■ Action item
Exactly the line that contains "Stop Smoking - Chapter 91 Page 1" and the lines following it to the end of the data are to be reproduced, and nothing more.

Items from a data source:
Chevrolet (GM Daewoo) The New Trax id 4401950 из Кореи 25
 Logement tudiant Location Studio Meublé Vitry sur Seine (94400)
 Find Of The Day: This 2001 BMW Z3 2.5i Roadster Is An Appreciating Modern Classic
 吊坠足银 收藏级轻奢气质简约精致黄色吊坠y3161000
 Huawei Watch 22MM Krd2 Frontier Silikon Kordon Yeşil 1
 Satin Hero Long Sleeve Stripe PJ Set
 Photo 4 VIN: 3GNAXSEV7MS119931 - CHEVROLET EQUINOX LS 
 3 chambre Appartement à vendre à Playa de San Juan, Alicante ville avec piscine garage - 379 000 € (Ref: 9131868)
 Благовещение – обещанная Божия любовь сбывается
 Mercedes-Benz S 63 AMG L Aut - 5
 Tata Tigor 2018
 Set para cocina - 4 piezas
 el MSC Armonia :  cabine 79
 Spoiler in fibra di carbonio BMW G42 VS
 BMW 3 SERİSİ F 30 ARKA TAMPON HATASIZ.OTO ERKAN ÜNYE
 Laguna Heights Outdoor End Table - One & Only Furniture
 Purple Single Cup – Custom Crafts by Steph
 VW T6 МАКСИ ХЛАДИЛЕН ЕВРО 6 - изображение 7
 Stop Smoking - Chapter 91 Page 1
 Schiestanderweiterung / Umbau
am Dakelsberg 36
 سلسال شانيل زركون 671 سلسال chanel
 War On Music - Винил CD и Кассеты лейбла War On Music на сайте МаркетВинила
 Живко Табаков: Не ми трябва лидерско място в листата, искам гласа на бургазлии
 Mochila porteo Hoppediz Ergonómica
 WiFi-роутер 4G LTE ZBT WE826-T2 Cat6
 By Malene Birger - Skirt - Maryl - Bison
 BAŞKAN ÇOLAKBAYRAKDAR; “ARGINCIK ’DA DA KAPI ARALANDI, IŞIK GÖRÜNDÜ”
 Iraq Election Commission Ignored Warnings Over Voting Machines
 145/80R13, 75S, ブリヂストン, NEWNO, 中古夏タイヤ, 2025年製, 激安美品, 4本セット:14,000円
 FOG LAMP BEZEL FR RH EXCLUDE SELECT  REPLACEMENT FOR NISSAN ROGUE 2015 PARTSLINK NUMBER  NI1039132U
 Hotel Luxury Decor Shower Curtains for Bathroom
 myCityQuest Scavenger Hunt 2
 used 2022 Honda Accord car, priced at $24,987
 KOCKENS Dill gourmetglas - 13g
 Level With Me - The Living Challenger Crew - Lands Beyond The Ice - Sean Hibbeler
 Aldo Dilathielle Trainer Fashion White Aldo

■ Task response
 Stop Smoking - Chapter 91 Page 1
 Schiestanderweiterung / Umbau
am Dakelsberg 36
 سلسال شانيل زركون 671 سلسال chanel
 War On Music - Винил CD и Кассеты лейбла War On Music на сайте МаркетВинила
 Живко Табаков: Не ми трябва лидерско място в листата, искам гласа на бургазлии
 Mochila porteo Hoppediz Ergonómica
 WiFi-роутер 4G LTE ZBT WE826-T2 Cat6
 By Malene Birger - Skirt - Maryl - Bison
 BAŞKAN ÇOLAKBAYRAKDAR; “ARGINCIK ’DA DA KAPI ARALANDI, IŞIK GÖRÜNDÜ”
 Iraq Election Commission Ignored Warnings Over Voting Machines
 145/80R13, 75S, ブリヂストン, NEWNO, 中古夏タイヤ, 2025年製, 激安美品, 4本セット:14,000円
 FOG LAMP BEZEL FR RH EXCLUDE SELECT  REPLACEMENT FOR NISSAN ROGUE 2015 PARTSLINK NUMBER  NI1039132U
 Hotel Luxury Decor Shower Curtains for Bathroom
 myCityQuest Scavenger Hunt 2
 used 2022 Honda Accord car, priced at $24,987
 KOCKENS Dill gourmetglas - 13g
 Level With Me - The Living Challenger Crew - Lands Beyond The Ice - Sean Hibbeler
 Aldo Dilathielle Trainer Fashion White Aldo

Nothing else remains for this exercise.